Afganistán es una nación crucificada por la historia. Desde la invasión que sufrió por los tanques de la Unión Soviética en 1979, el caudal de muertos, heridos y desplazados no se ha detenido. Al contrario. Después del ataque a las Torres Gemelas en 2001, cuando el gobierno de Estados Unidos invadió al país con la certeza de que ahí se encontraba Osama Bin Laden -líder de Al Qaeda y artífice del ataque del 11 de septiembre-, se ha podido contabilizar un total de 32 mil civiles muertos, 60 mil heridos y 2,300 soldados norteamericanos caídos en batallas y escaramuzas.
Aunque recientemente hubo un intento de acercamiento entre miembros del grupo Talibán y Donald Trump, la ruptura del acercamiento sucedió pronto. Y es lógico. Por una parte, los talibanes son un grupo que busca aplicar las medidas más radicales y retrógradas a la población, como la prohibición a las mujeres de la educación y el trabajo, y la imposición para los hombres de los valores religiosos más elevados, como el honor y la venganza. Para los talibanes, la inmolación en los actos terroristas es la virtud máxima sobre la Tierra.

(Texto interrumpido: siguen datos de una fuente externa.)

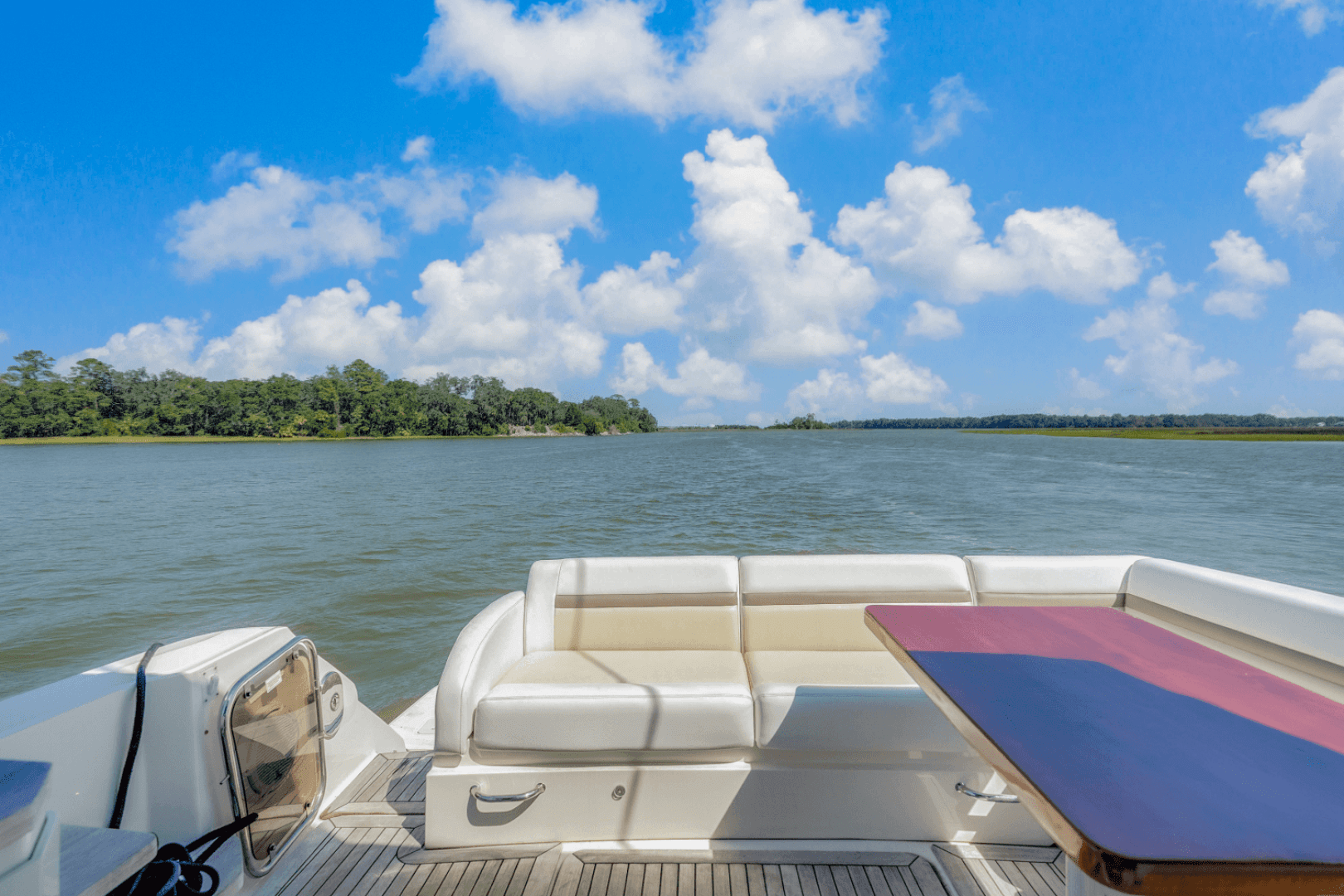 2013 Sea Ray 510 Sundancer — photo 52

En la otra esquina del cuadrilátero, Donald Trump pretende cerrar las fronteras de Estados Unidos a los habitantes de los países árabes, y sus discursos están llenos de desprecio hacia los miembros de las razas diferentes a la blanca, hacia los mexicanos y hacia las mujeres. Los extremos se juntan, pero mientras Estados Unidos sigue siendo una potencia nuclear peligrosa y prepotente, Afganistán sigue siendo una nación de pastores pobres, donde la religión dicta normas arcaicas y el gobierno las obedece. Son dos polos opuestos y sin sentido de un mismo mundo.
Lo más probable, es que la crucifixión de Afganistán continúe por mucho tiemplo.